┌─ Dataset excerpts

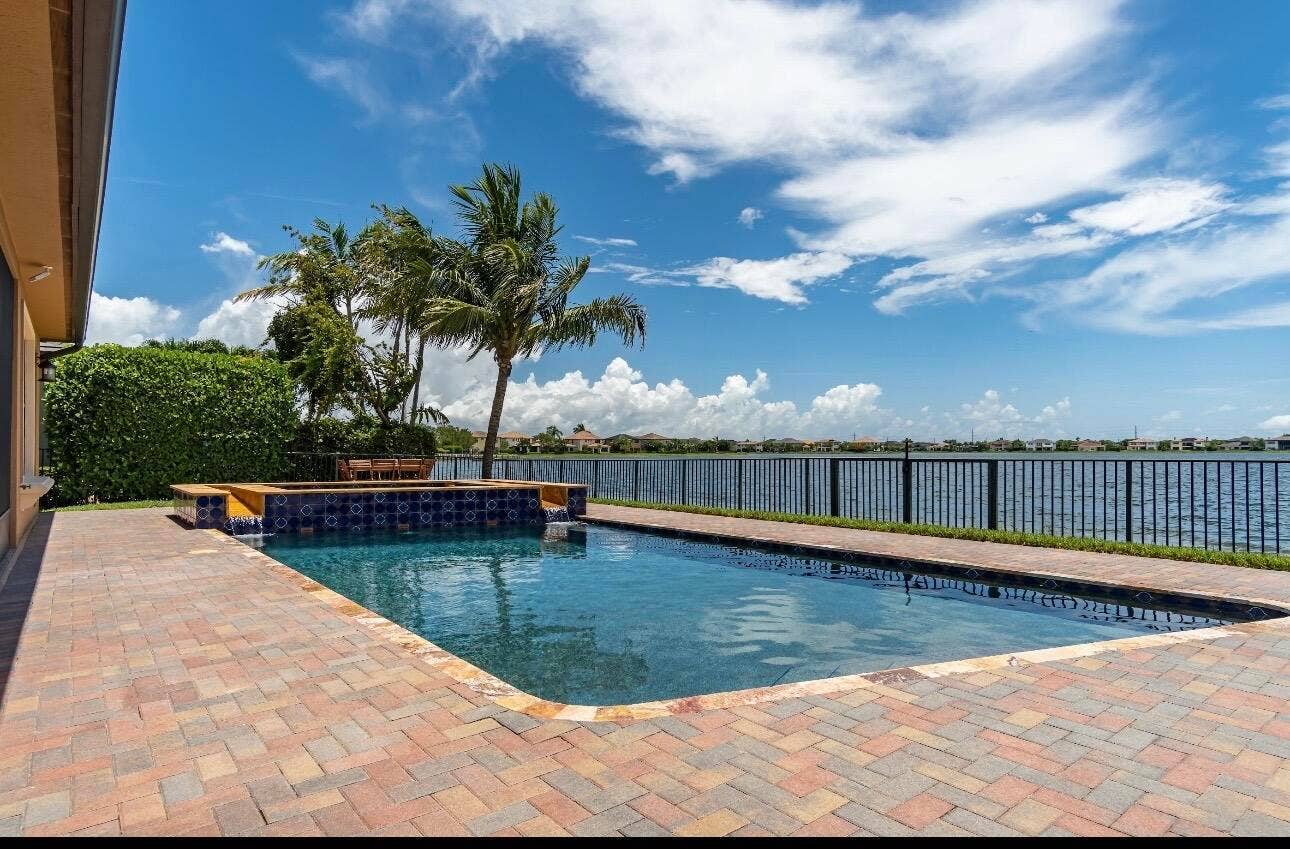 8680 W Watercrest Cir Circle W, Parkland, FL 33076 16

└─
┌─ Dataset excerpts

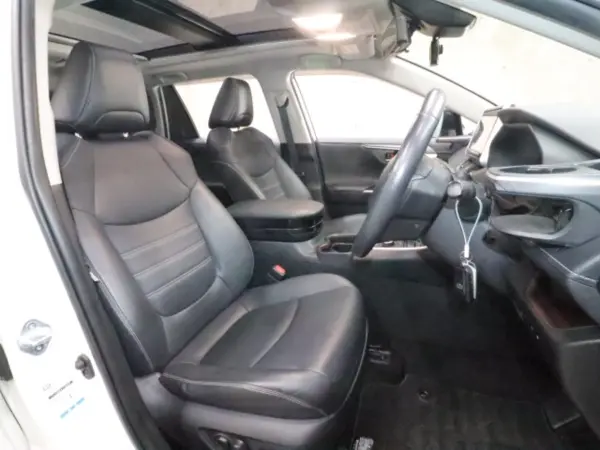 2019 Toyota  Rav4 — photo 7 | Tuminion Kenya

└─
┌─ Dataset excerpts

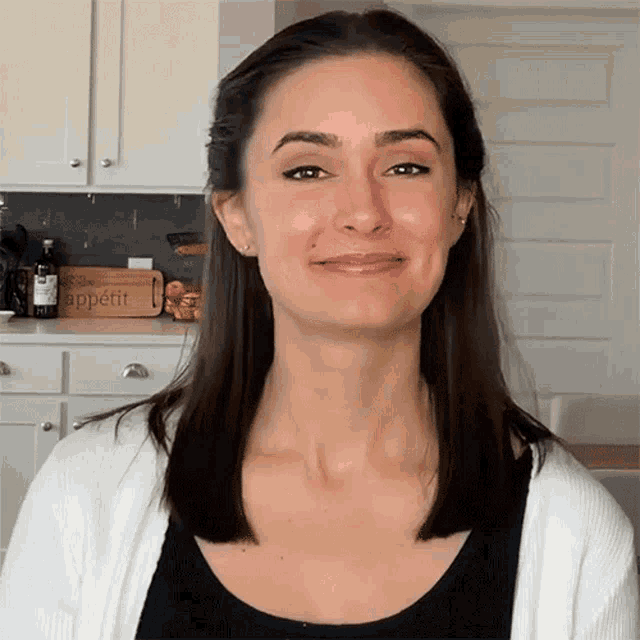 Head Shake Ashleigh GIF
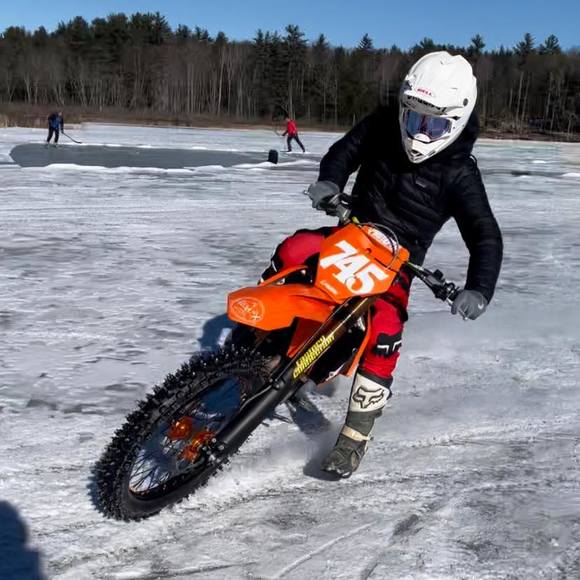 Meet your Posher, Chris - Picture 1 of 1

└─

Activity:
Exact repeat of the material above: every line from the one with "Head Shake Ashleigh GIF" through the one with "Meet your Posher, Chris - Picture 1 of 1", endpoints included, and nothing more. No pictures.

Reply:
 Head Shake Ashleigh GIF
 Meet your Posher, Chris - Picture 1 of 1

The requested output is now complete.